What is the Community Choices Waiver self-directed option?
The Community Choices (CC) Waiver is a South Carolina Healthy Connections Medicaid home and community-based services (HCBS) waiver run by the SCDHHS Community Long Term Care (CLTC) division. It is designed for people who qualify for a nursing-facility level of care but want to stay in their own home. Instead of moving into a facility, the member receives services such as attendant care, companion care, adult day health care, home-delivered meals, personal emergency response systems, and home modifications.
Historically, CC waiver services were delivered by licensed home care agencies that hired and assigned the aide. Effective July 1, 2025, SCDHHS added a self-directed Attendant Care option. Under self-direction, the participant (or an appointed "employer of record," often a close family member) recruits, hires, schedules, trains, and supervises their own caregiver. This is the pathway that lets a family member be paid for care they may already be providing for free.
Attendant Care is defined by SCDHHS as hands-on care of both a supportive and health-related nature -- help with bathing, dressing, eating, grooming, toileting, transferring and mobility, plus meal preparation, light housekeeping in the participant's living areas, shopping and essential errands, medication reminders, and escorting the participant to covered medical services. With a physician, nurse practitioner, or physician assistant sign-off, an approved attendant may also perform certain "health maintenance" skilled tasks the participant could do themselves if able.
Self-directed Attendant Care is not administered by an agency that supervises the aide. Instead, the University of South Carolina Center for Disability Resources (USC-CDR) matches and helps train the attendant, a Community Long Term Care case manager authorizes the hours, and a financial management services (FMS) agency -- the fiscal intermediary contracted by SCDHHS -- enrolls the caregiver and processes payroll and taxes. The participant stays in charge of who provides the care and when.
Community Choices Waiver eligibility requirements
To use the Community Choices Waiver (and its self-directed Attendant Care option), the person receiving care must meet both a medical test and a financial test for South Carolina Healthy Connections Medicaid. The caregiver does not have to meet income or asset limits -- only the member does. These figures change annually; confirm current limits with SCDHHS.
Who can -- and cannot -- be paid under self-directed Attendant Care
South Carolina's self-directed Attendant Care rule is unusually open about family. Under the SCDHHS HCBS Provider Manual (effective July 1, 2025), an attendant may be related to the participant within the limits of the South Carolina Family Caregiver Policy. Because the Community Choices Waiver serves adults, the manual's exclusions -- which target parents, stepparents, and foster parents of minor children -- generally do not bar a family caregiver here. Notably, a spouse can be paid for Attendant Care, though not for Companion Care.

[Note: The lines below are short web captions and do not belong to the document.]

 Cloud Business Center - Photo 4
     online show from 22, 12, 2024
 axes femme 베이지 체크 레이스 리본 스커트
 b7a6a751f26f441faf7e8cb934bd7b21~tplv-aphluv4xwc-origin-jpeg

- A spouse -- for Attendant Care specifically (spouses are excluded only from Companion Care)
- Adult children (18 or older) of the participant
- Siblings, grandchildren, nieces, nephews, aunts, uncles, and in-laws
- Other relatives allowed under the South Carolina Family Caregiver Policy
- Friends, neighbors, or trusted community members who meet the attendant qualifications
- A person who is legally responsible for using their own assets to pay for the participant's care (a "legally responsible adult")

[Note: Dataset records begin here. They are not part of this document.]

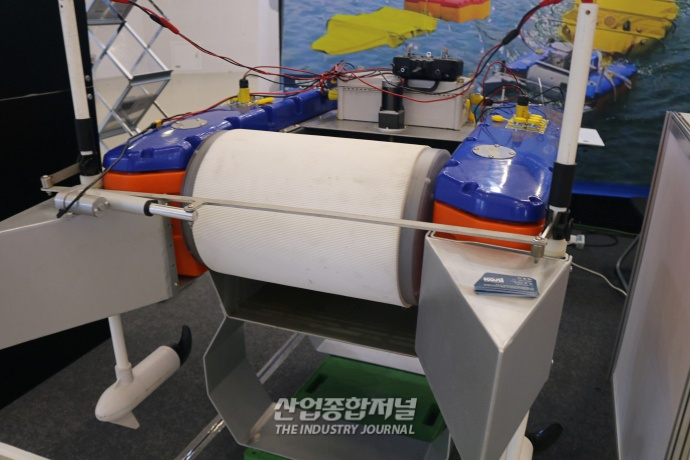 해양 쓰레기 줄여주는 회수 로봇, “인력 투입 최소화” - 산업종합저널 전시회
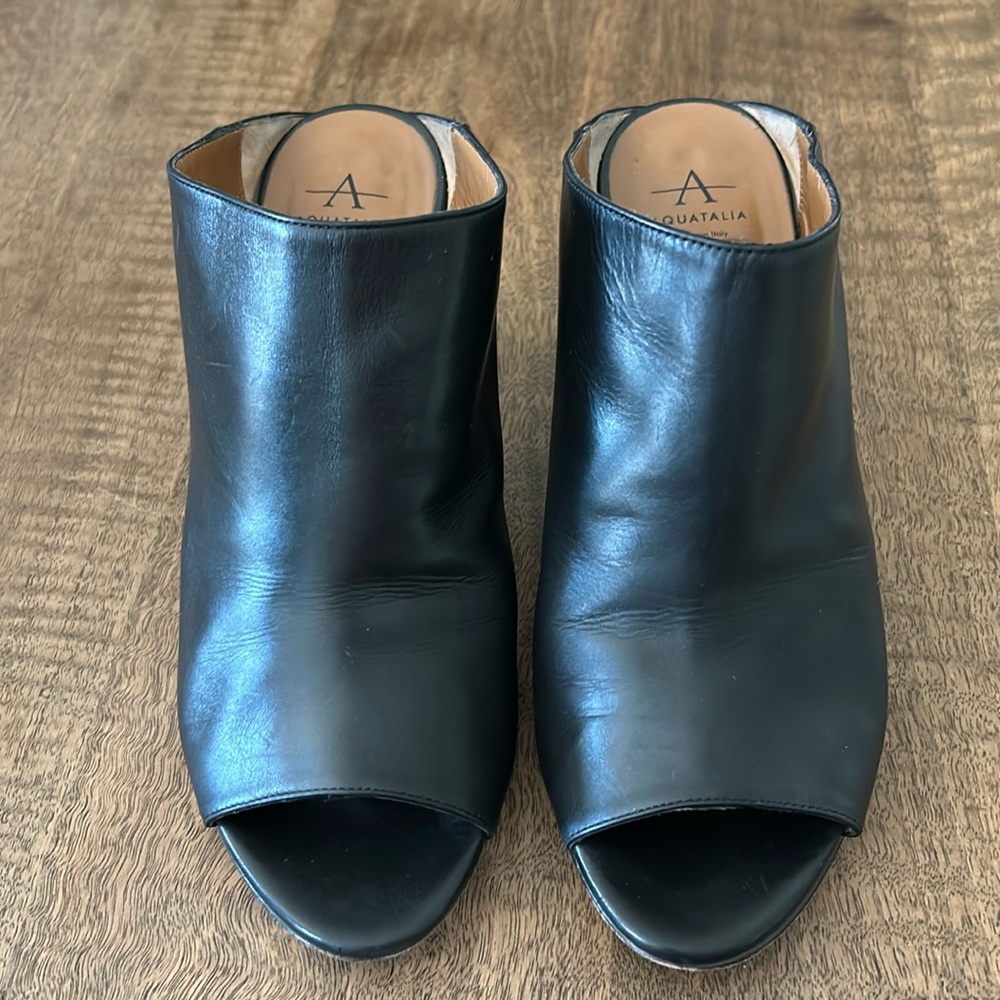 AQUATALIA MULE PEEP TOE HEEL
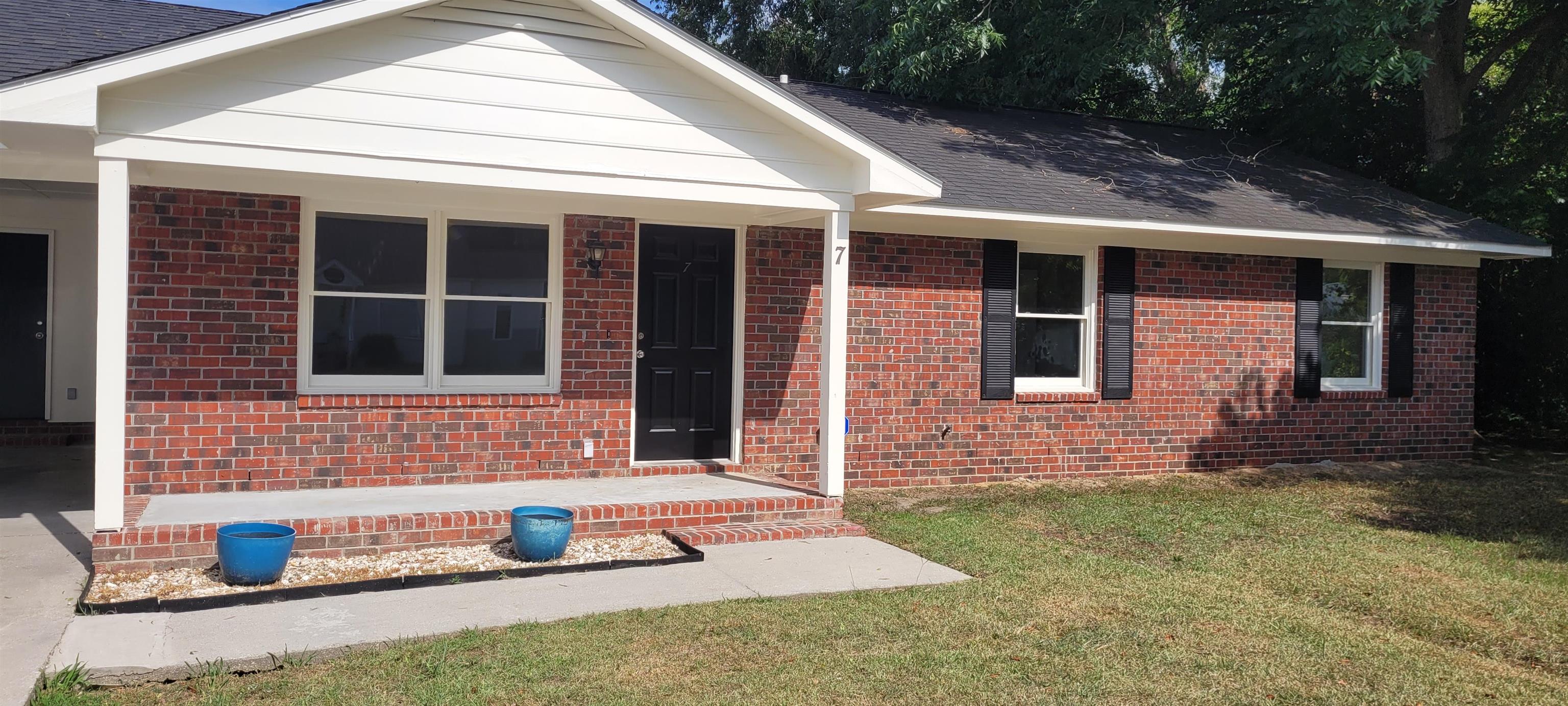 7 S Farr Ave. — photo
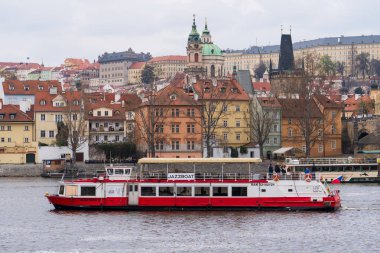 Prag, Çek Cumhuriyeti - 5 Nisan 2025: Şehrin merkez caddesinin manzarası. Yol trafiği.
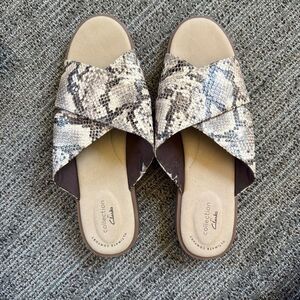 Clarks Women's Beige Snakeskin Mules 7.5 NWOT
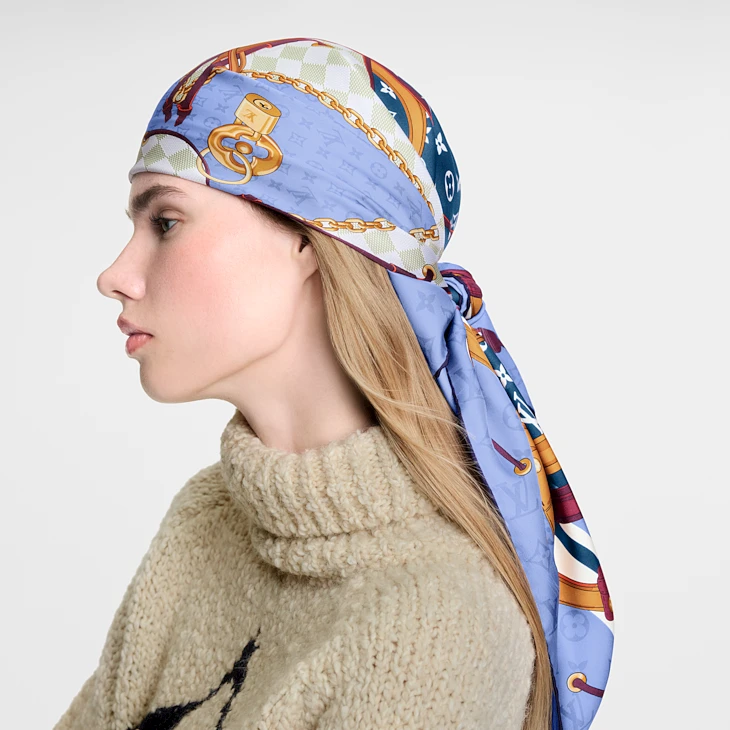 Louis Vuitton flower and strap 90 scarf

- A parent, stepparent, or foster parent of a minor Medicaid participant (relevant to other waivers, not the adult CC waiver)
- Anyone under 18 years old
- Anyone with a disqualifying background-check result (abuse/neglect/exploitation, a crime against another person, any felony, or public-assistance fraud)

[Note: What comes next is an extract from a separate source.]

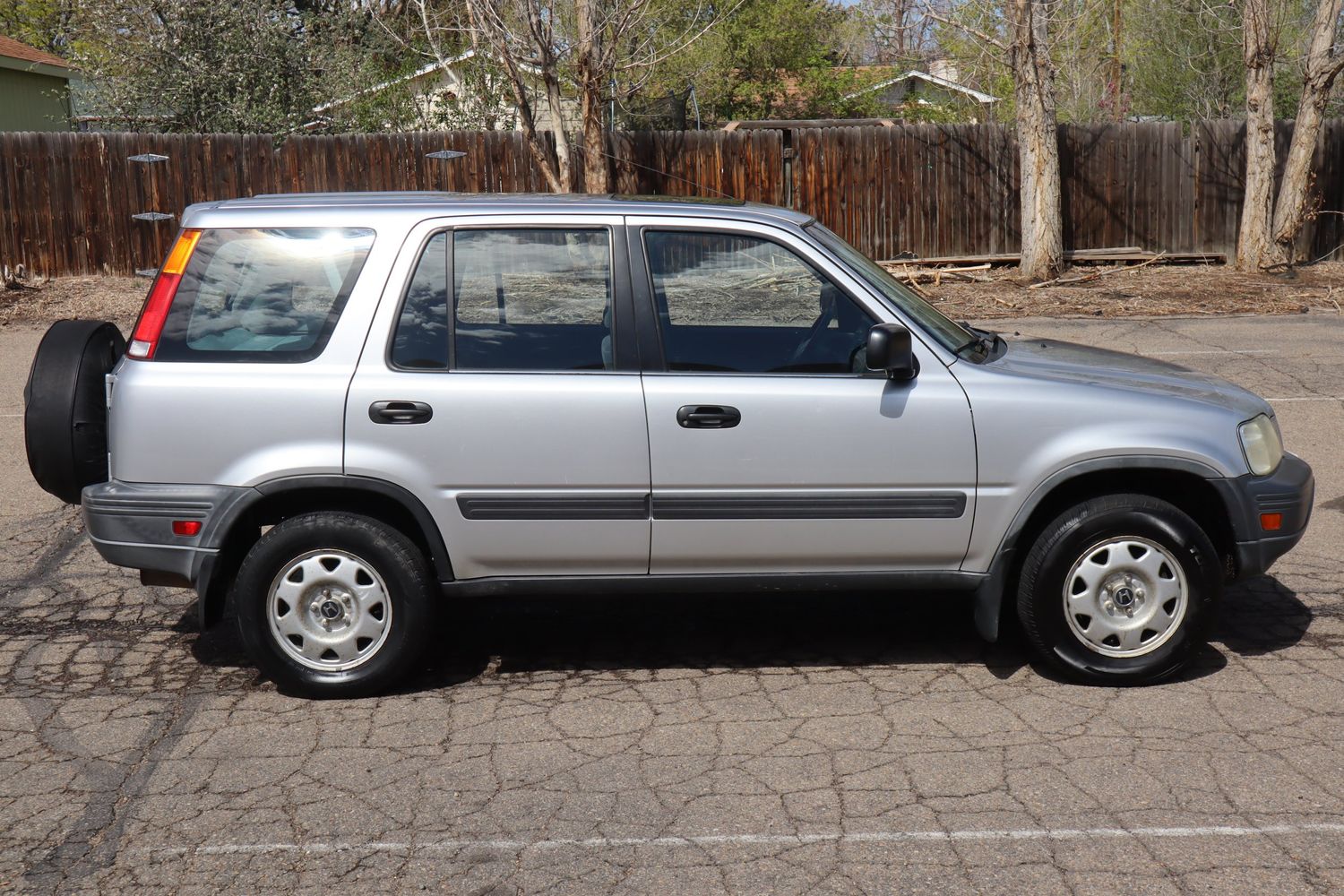 2000 Honda CR-V LX | Victory Motors of Colorado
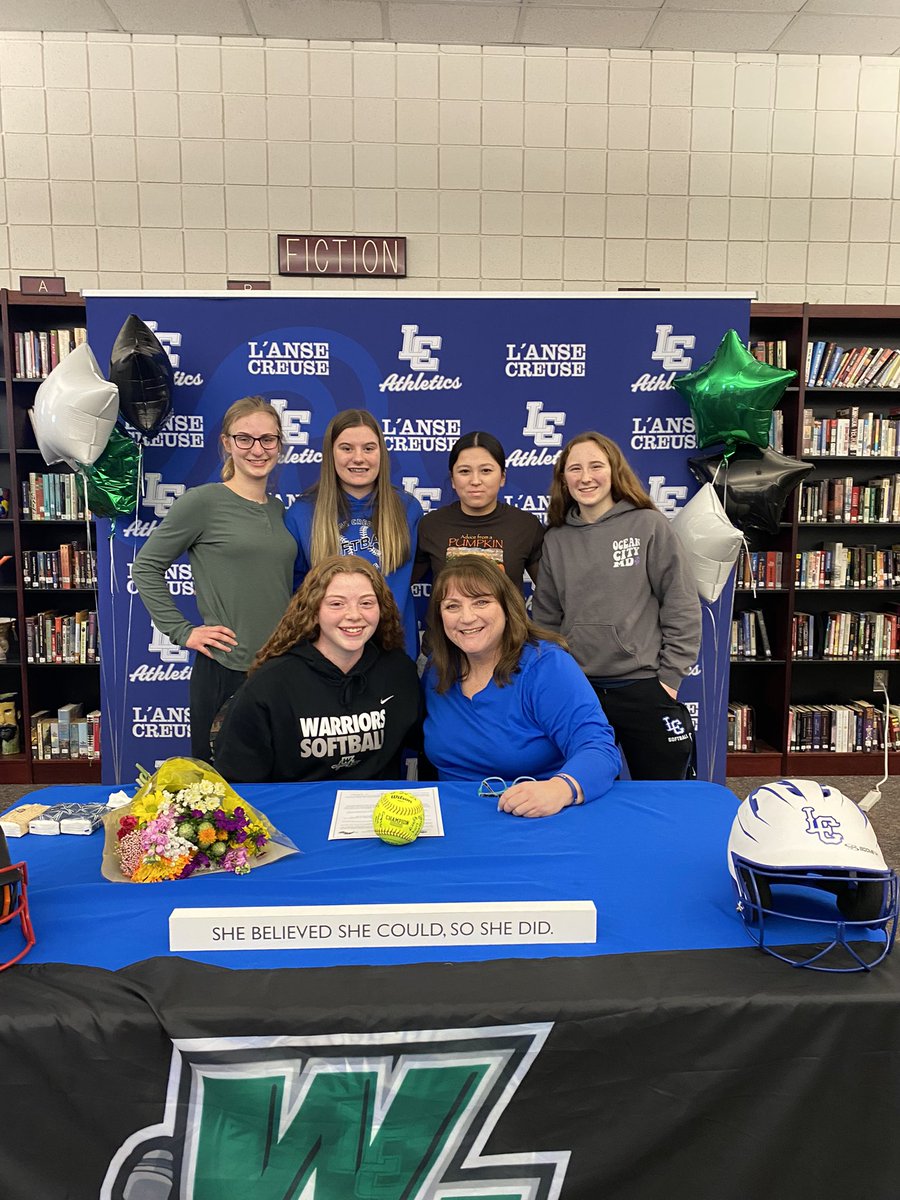 L’Anse Creuse Softball tweet media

- A spouse hired specifically for Companion Care (spouses may still be paid for Attendant Care)
Community Choices Waiver pay, hours, and overtime
Pay is funded by South Carolina Medicaid and set by SCDHHS. The caregiver is paid as a W-2 employee through the financial management services (fiscal intermediary) agency, which withholds taxes. Hours are based on the participant's assessed needs, not on a flat allowance.
Hourly pay
South Carolina publishes fixed CLTC waiver rates rather than letting families negotiate a wage freely. Self-directed Attendant Care has historically been set at $16.20 per hour, with self-directed Companion Care lower (around $12.80 per hour) and agency Personal Care II higher (around $19.40 per hour) under recent SCDHHS rate schedules. In practice most self-directed caregivers land in roughly the $13 to $18 per hour range depending on the service and any rate updates. Because SCDHHS periodically raises HCBS rates, confirm the current self-directed Attendant Care rate with SCDHHS or the fiscal intermediary before you rely on a figure.
Hours and scheduling
Weekly hours come from the CLTC case manager's assessment and are written into the participant's Service Plan, authorized in one-hour units. A single self-directed attendant is generally capped at 40 hours per week. If the participant is approved for more than 40 hours, a second attendant (another family member or an agency aide) covers the remaining hours. If an attendant serves more than one participant, the plan tries to keep their combined hours at or under 40 per week.
Overtime rules
Because South Carolina structures self-directed Attendant Care around a 40-hour-per-week cap per attendant, the program is designed to avoid routine overtime -- extra approved hours are typically covered by adding a second caregiver rather than paying one caregiver overtime. Federal Fair Labor Standards Act protections still apply to home care workers, so ask the fiscal intermediary how any hours over 40 in a workweek are handled before scheduling them.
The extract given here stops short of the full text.